FORT LAUDERDALE, Fla. _ Imran Awan, the former information technology aide multiple Democratic members of Congress, including Debbie Wasserman Schultz of Florida, was indicted Thursday on four charges including bank fraud and engaging in unlawful monetary transactions.
Also indicted was Awan's wife, Hina Alvi, who also worked as an IT aide in Democratic congressional offices.
The charges don't have a direct relationship to their work in congressional offices, but the criminal charges add to the political heat directed toward their congressional employers, especially Wasserman Schultz.

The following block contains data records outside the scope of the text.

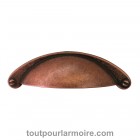 Coquille d'Armoire Cuivre Antique 64 mm (2 1/2")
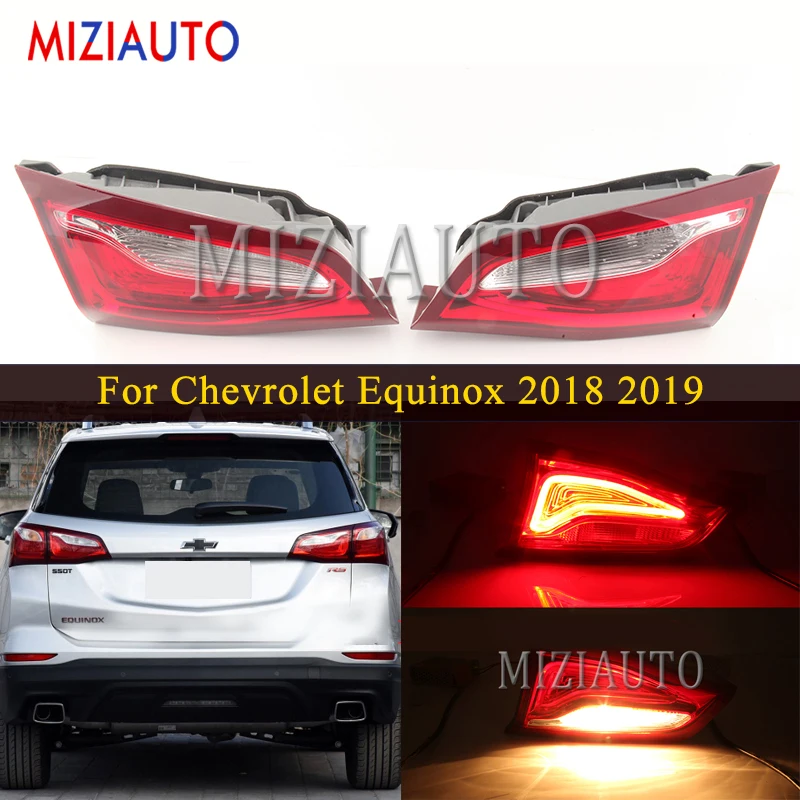 US $86.09 Car Rear Tail Light For Chevrolet Equinox 2018 2019 Tail Stop Signal Brake Lights Rear Fog Reflector Lamp Car Accessories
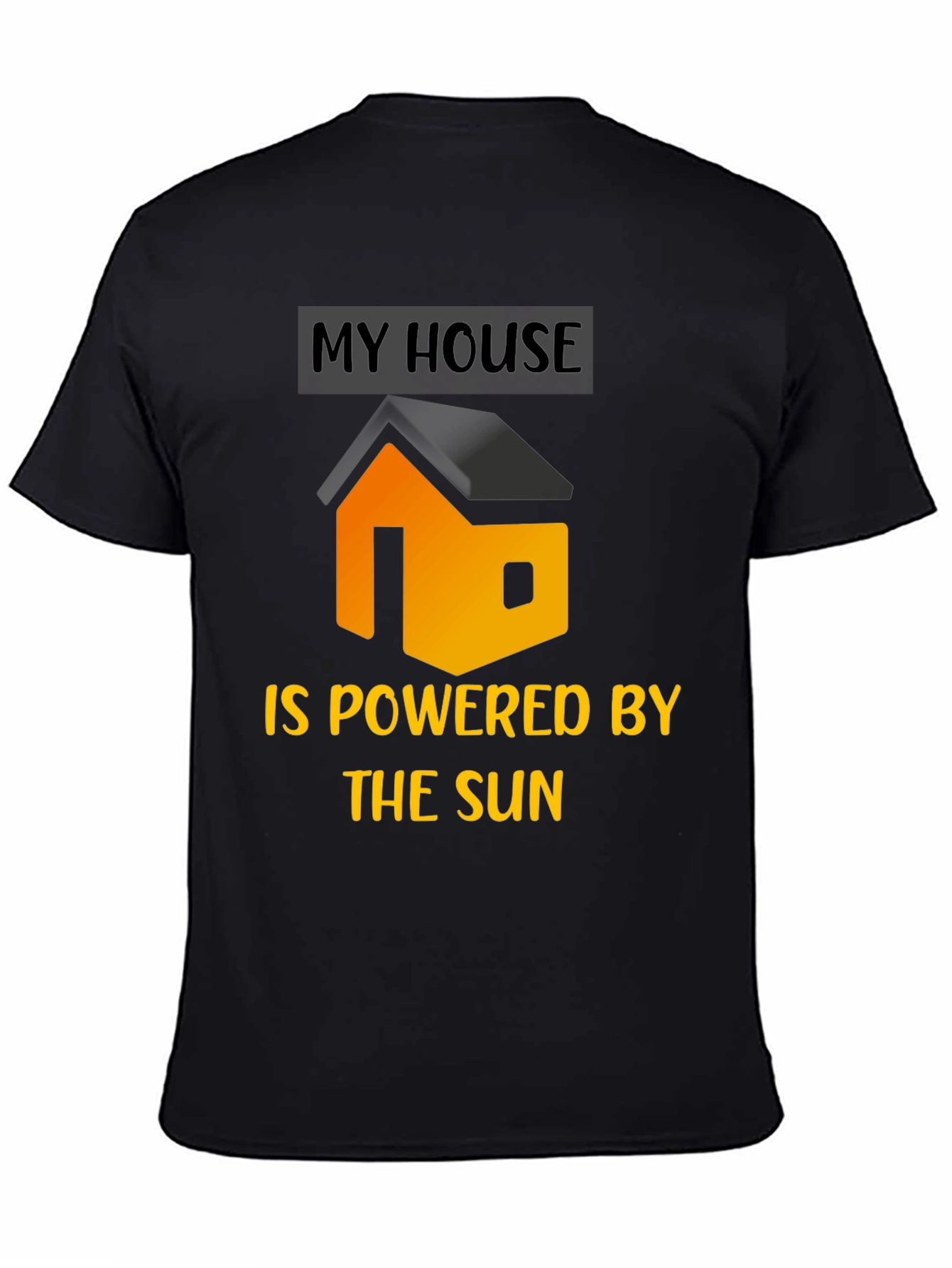 Eco-Friendly Solar Powered House T-Shirt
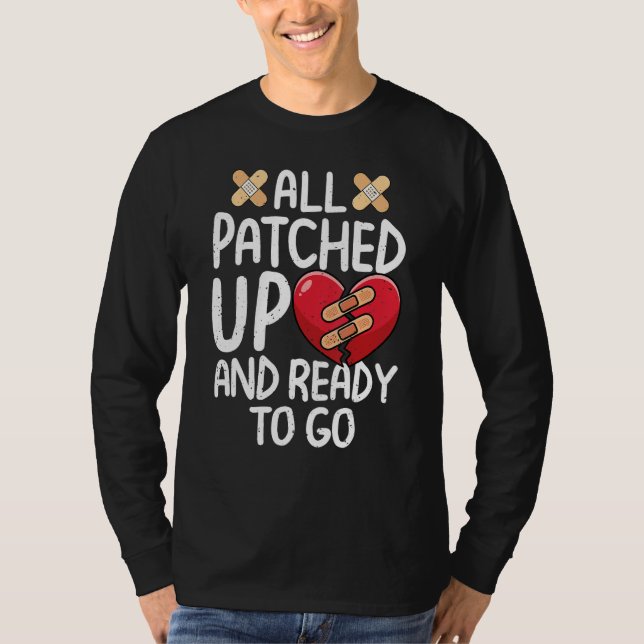 Camiseta All Patched Up Open Heart Surgery Recovery Survivo (Frente)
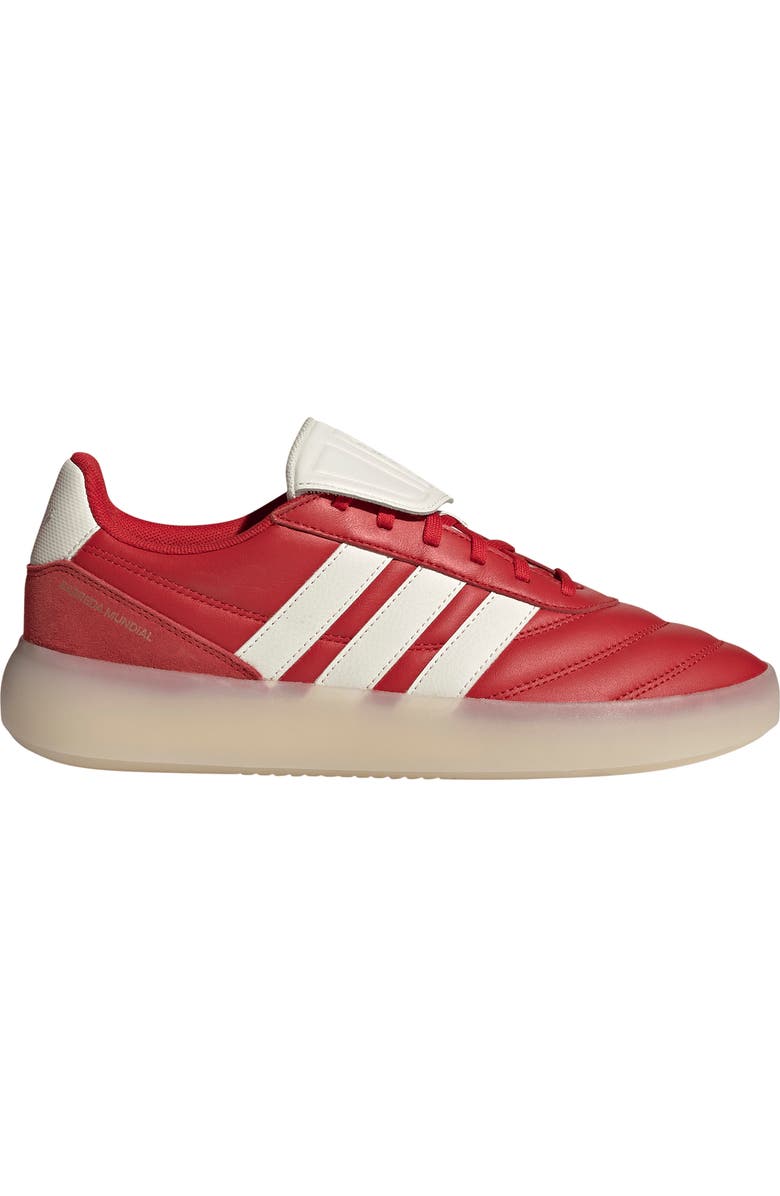 adidas Barreda Mundial Sneaker, Alternate, color, Scarlet/ Off White/ Gold Met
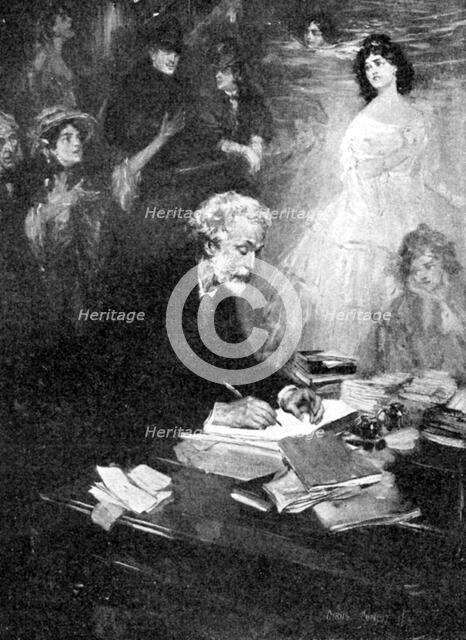 'George Meredith', 1923.Artist: LEA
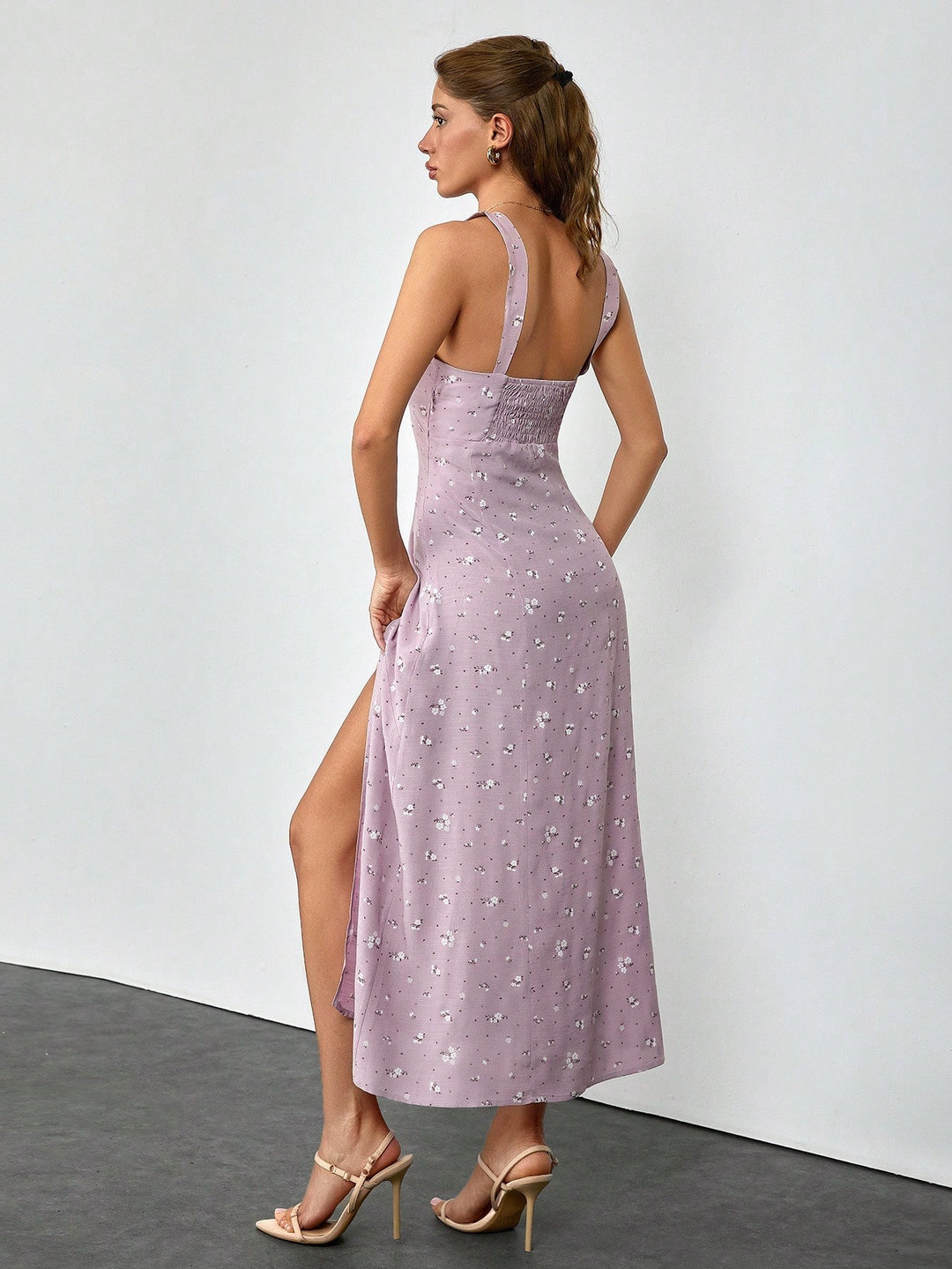 Rochie midi SHEIN, mov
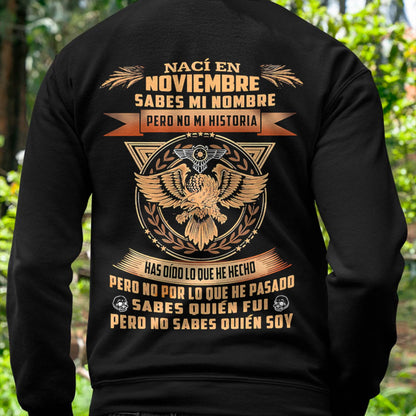 Camiseta de Hombre Nacido en Noviembre con Frases Inspiradoras - DTSM11 (SKU07-71-11)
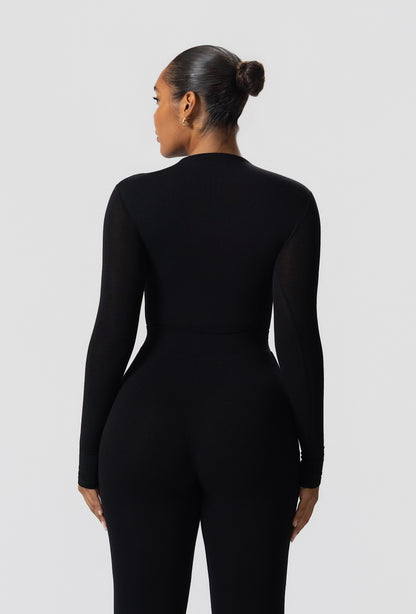 Matte Basix Sculpt Bodysuit - Black
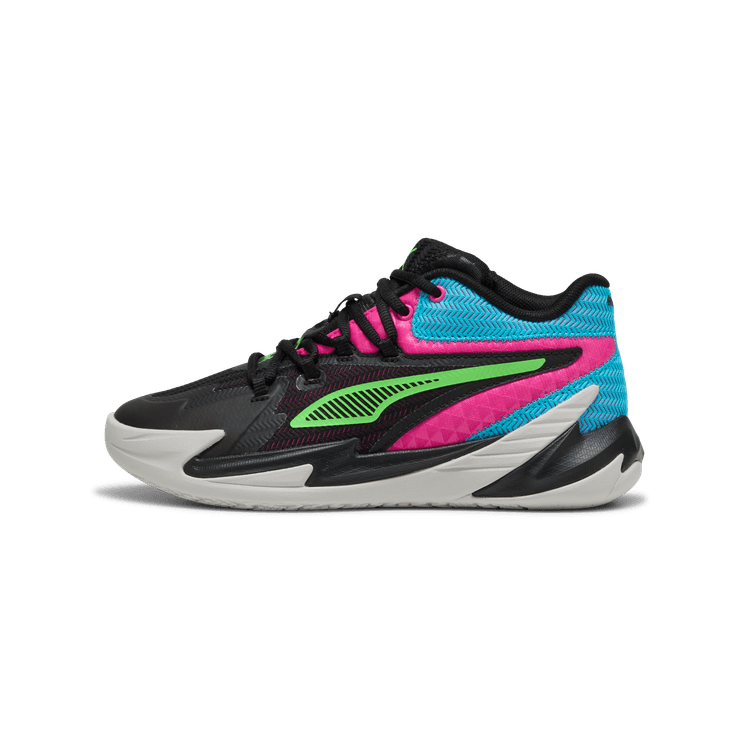 PUMA Dagger Basketball in Black/Fluro Pink Pes (GS) - 311553-01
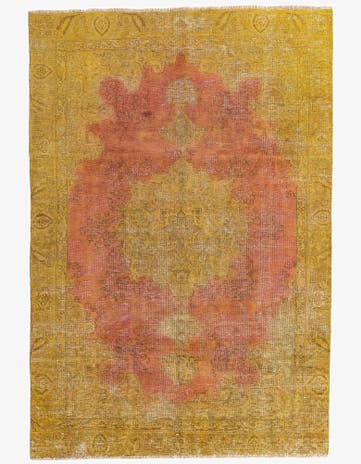 6' x 8' 8 Hand Knotted Ultra Vintage Persian Wool Rug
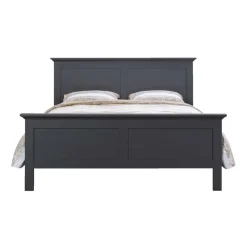Bed Amber - antraciet - 140x200 cm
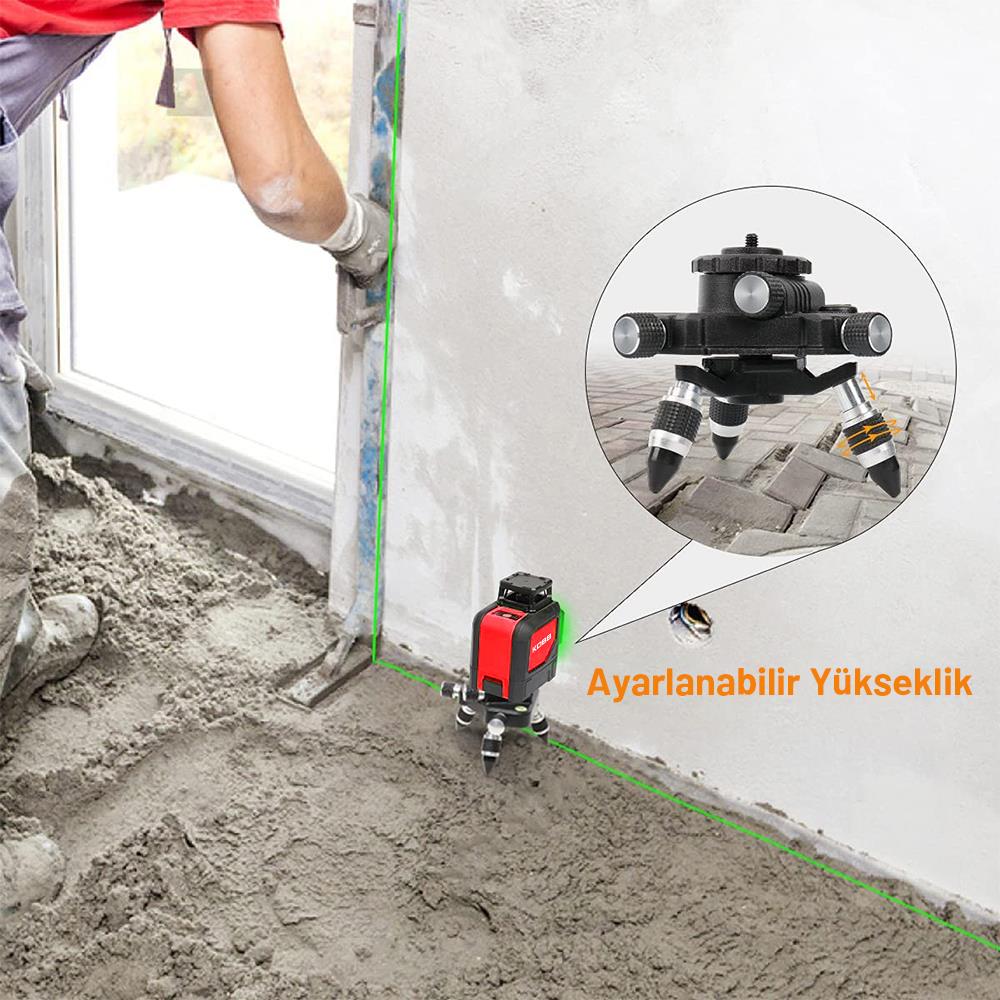 KOBB KBL2 Üç Eksenli Hassas Ayarlanabilir Lazer Hizalama Tripodu ne işe yarar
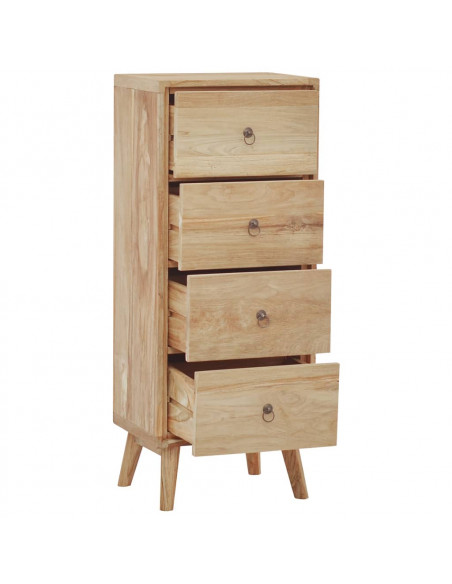 Cassettiera 40x30x100 cm in Legno Massello di Teak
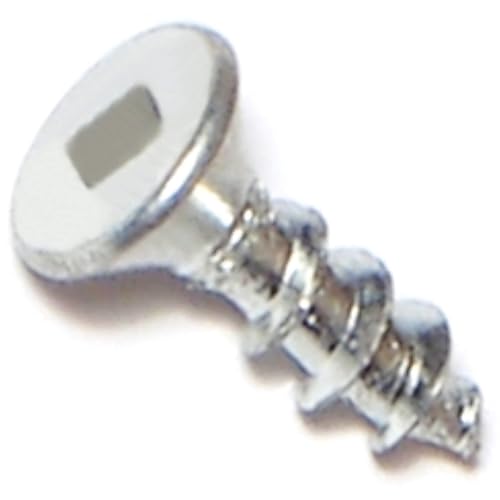 Hard-to-Find Fastener 014973302115 Tornillos planos para madera de accionamiento cuadrado, 6 x 12, Pieza-185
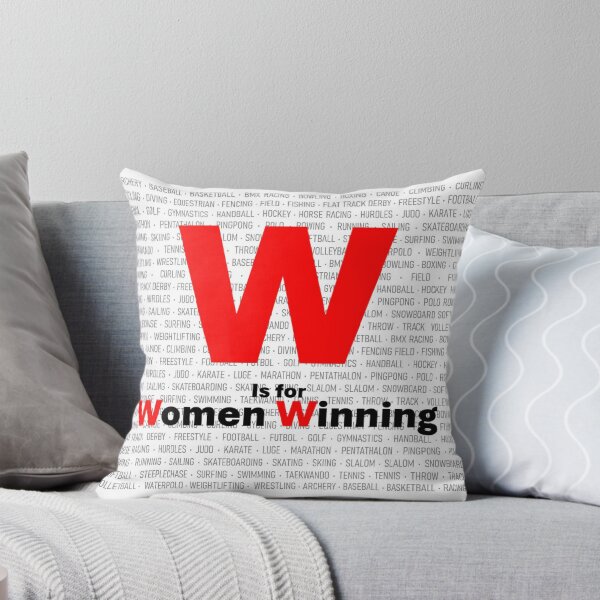 Item preview, W is for Women Winning designed and sold by BaseballBiz.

Awan, 37, and Alvi, 33, were charged with:
_Conspiracy to commit bank fraud, false statements on a loan or credit application and unlawful monetary transactions
_Bank fraud
_Making false statements on a loan or credit application
_Engaging in unlawful monetary transactions
The indictment alleges that that the couple conspired to obtain home equity lines of credit on rental properties that weren't actually residences they lived in. They obtained the home lines of credit in the amounts of $165,000 and $120,000 from the Congressional Federal Credit Union, which has a policy of not extending such lines of credit when the property securing the loans is rental property.
"It was further part of the conspiracy that Awan and Alvi then transferred the funds obtained from those home equity lines of credit to individuals in Pakistan by directly initiating a wire transfer of those funds from Alvi's checking account at CFCU to Pakistan," the indictment states.
The U.S. Attorney's Office in Washington said no arraignment date has been set. The office said it wouldn't comment beyond the indictment.
Christopher Gowen, founding partner of Gowen Rhoades Winograd & Silva, who has represented Awan, said by email late Thursday afternoon that the government didn't share the indictment with him and he had not yet seen it.